Dimensional Homogeneity as a Design Check

In practice, dimensional analysis serves as a powerful error-detection tool. If you derive a formula for stress concentration, deflection, or buckling load and the dimensions do not match the physical quantity you are computing, you have made an error. This is especially valuable in aerospace structures, where complex formulas for wing bending, fuselage torsion, and combined loading are common.

For example, the bending stress in a beam is:

$\sigma = \frac{My}{I}$

where $M$ is bending moment $[ML^2T^{-2}]$, $y$ is distance from neutral axis $[L]$, and $I$ is second moment of inertia $[L^4]$. Dimensional check: $\frac{[ML^2T^{-2}][L]}{[L^4]} = [ML^{-1}T^{-2}]$, which is correct for stress. Any deviation from this form would immediately signal an error.

Worked Examples

Example 1: Verifying Hooke's Law Dimensions

Given: A material has elastic modulus $E = 70 \text{ GPa}$ and is subjected to a uniaxial stress $\sigma = 100 \text{ MPa}$.

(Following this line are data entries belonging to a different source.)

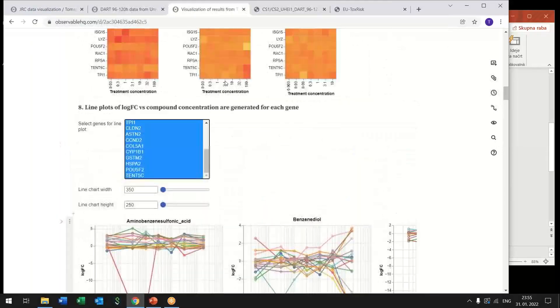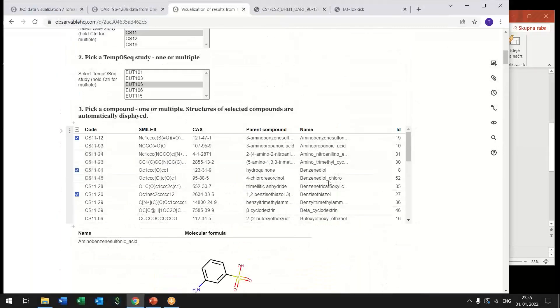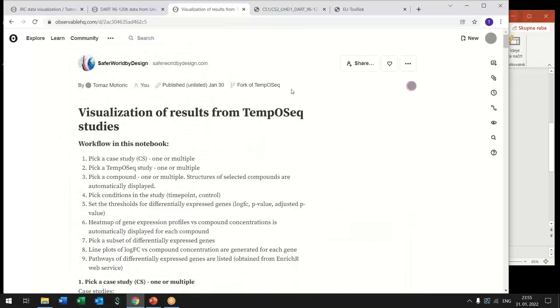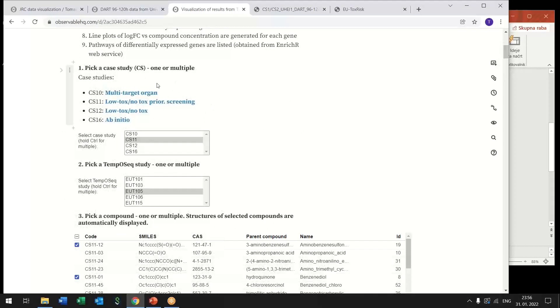The third example is this is the notebook that is dedicated for visualization of results coming from the TempoSeq studies. So this is genotoxicity assay. In this assay there are gene expression profiles that are measured.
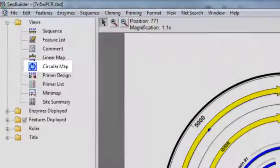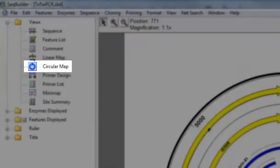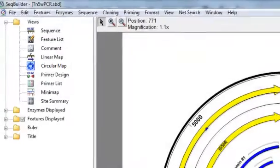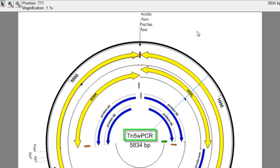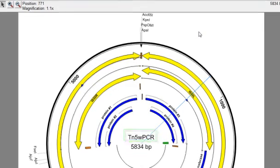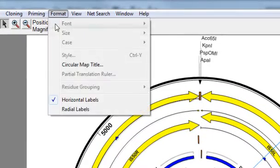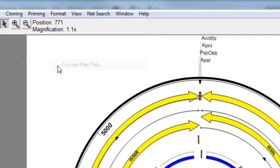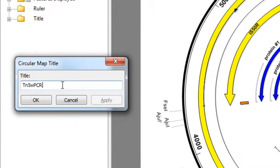The circular map view displays a circular map of your nucleotide sequence. From here you can display enzymes and features against the circular ruler that represents your sequence. By default, the title of the map comes from your sequence name, but you can change that just by selecting Format, Circular Map Title, and then you can change it here.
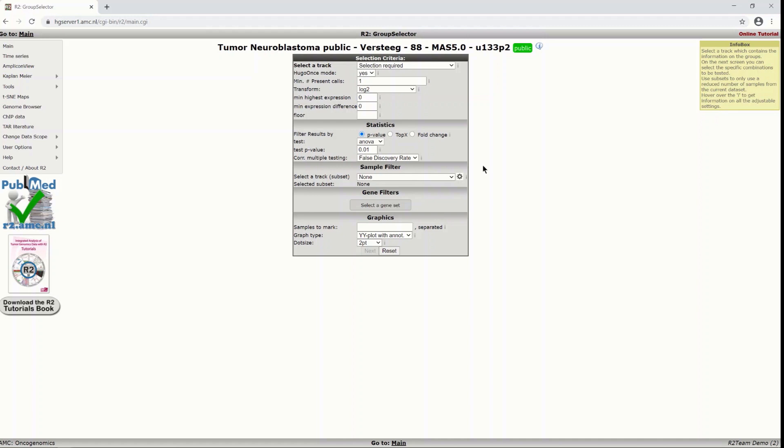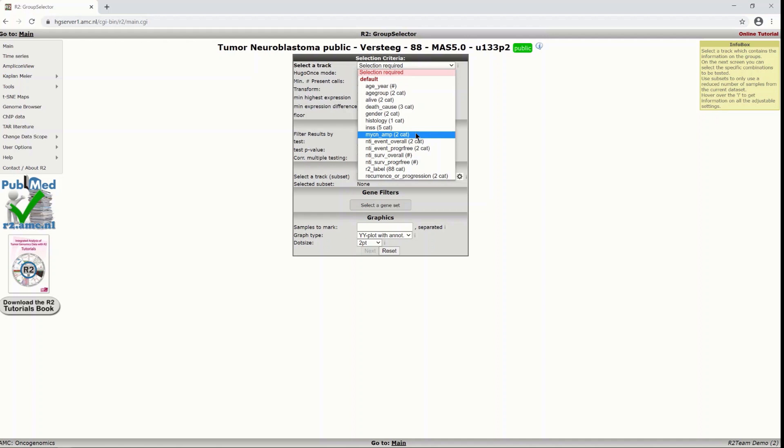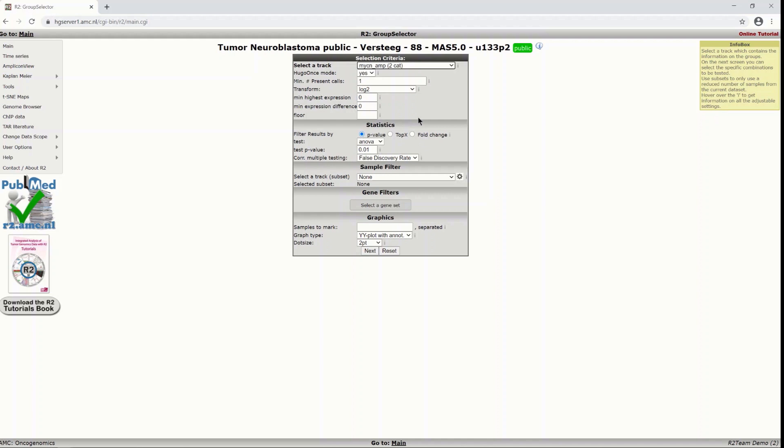So you get this menu in between where you at least have to select a track on which the division will be based between which groups you are going to have a look. In our case, let's have a look at the MYCN amplification. So we get one group that has a MYCN amplification another group that doesn't have this amplification and we are going to see which genes are differentially expressed between these groups.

Find the resulting strain and verify dimensional consistency.

Solution:

From Hooke's Law: $\varepsilon = \frac{\sigma}{E}$

$\varepsilon = \frac{100 \text{ MPa}}{70 \text{ GPa}} = \frac{100 \times 10^6 \text{ Pa}}{70 \times 10^9 \text{ Pa}} = 1.43 \times 10^{-3}$

Dimensional check: $\frac{[ML^{-1}T^{-2}]}{[ML^{-1}T^{-2}]} = [1] \quad \checkmark$

The strain is dimensionless, as required.

Example 2: Von Mises Stress Under Biaxial Loading

Given: A thin-walled aircraft skin element experiences principal stresses $\sigma_1 = 200 \text{ MPa}$ and $\sigma_2 = 100 \text{ MPa}$ in the plane, with $\sigma_3 = 0$ (plane stress).

Find the Von Mises equivalent stress.

Solution:

$\sigma_{\text{eq}} = \sqrt{\frac{1}{2}[(\sigma_1-\sigma_2)^2 + (\sigma_2-\sigma_3)^2 + (\sigma_3-\sigma_1)^2]}$

$\sigma_{\text{eq}} = \sqrt{\frac{1}{2}[(200-100)^2 + (100-0)^2 + (0-200)^2]}$

$\sigma_{\text{eq}} = \sqrt{\frac{1}{2}[10000 + 10000 + 40000]} = \sqrt{30000} = 173.2 \text{ MPa}$

Dimensional check: $\sqrt{[ML^{-1}T^{-2}]^2} = [ML^{-1}T^{-2}] \quad \checkmark$

The equivalent stress has the same dimensions as the applied stresses, confirming that it can be compared directly against the material's yield strength.

References

• ^{[governing-equations-of-linear-elasticity]}
• ^{[principal-stresses-and-strains]}
• ^{[shear-center-of-open-thin-walled-beams]}
• ^{[thin-walled-multi-cell-beams]}

AI Disclosure

This article was drafted with the assistance of an AI language model based on personal class notes from Aero Structures 1. The AI was instructed to paraphrase note content, verify dimensional consistency, and construct worked examples. All mathematical formulas and physical principles cited are drawn from the referenced notes and represent standard structural mechanics. The author retains responsibility for the accuracy and interpretation of all claims.